## WHAT NEEDS TO BE DONE:
From the line below that contains "María del Mar" to the line that contains "IQ Mogged: Logikr&auml;tsel Icon", repeat every line exactly, both ends included, and nothing else.

*** Opening RECORDED DATA ***

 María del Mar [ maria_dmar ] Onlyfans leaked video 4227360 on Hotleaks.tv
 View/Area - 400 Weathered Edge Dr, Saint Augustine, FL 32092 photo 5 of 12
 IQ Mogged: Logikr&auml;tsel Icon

*** Closing RECORDED DATA ***
*** Opening RECORDED DATA ***

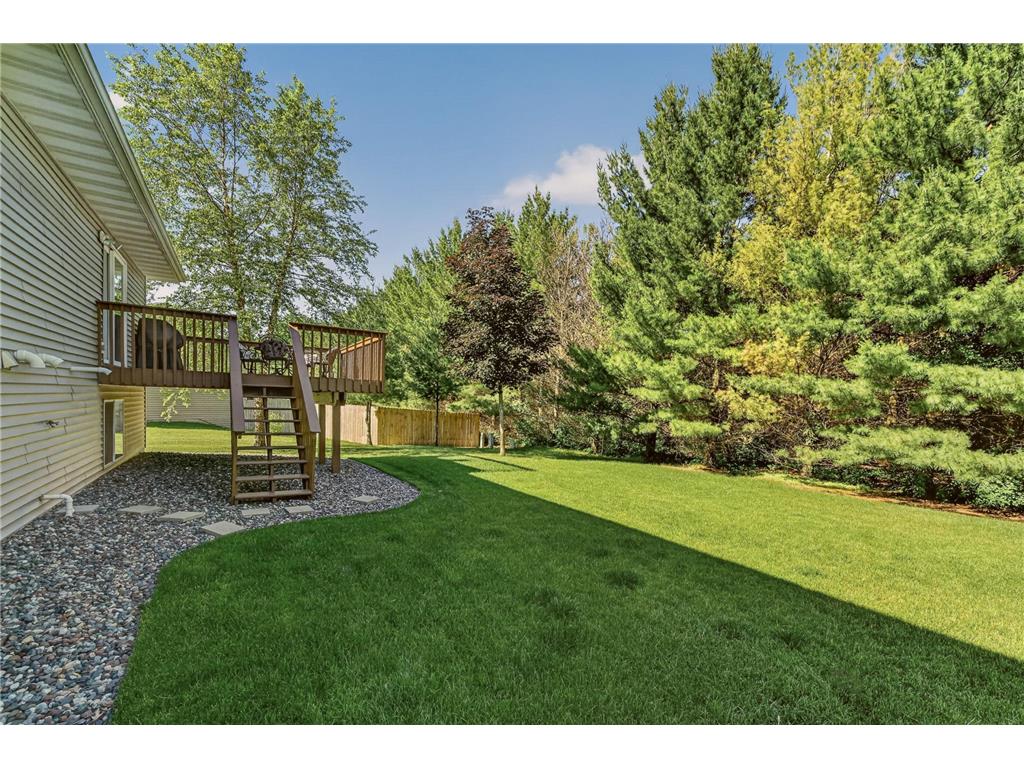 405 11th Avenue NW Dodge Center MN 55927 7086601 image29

*** Closing RECORDED DATA ***

## ANSWER SPACE:
 María del Mar [ maria_dmar ] Onlyfans leaked video 4227360 on Hotleaks.tv
 View/Area - 400 Weathered Edge Dr, Saint Augustine, FL 32092 photo 5 of 12
 IQ Mogged: Logikr&auml;tsel Icon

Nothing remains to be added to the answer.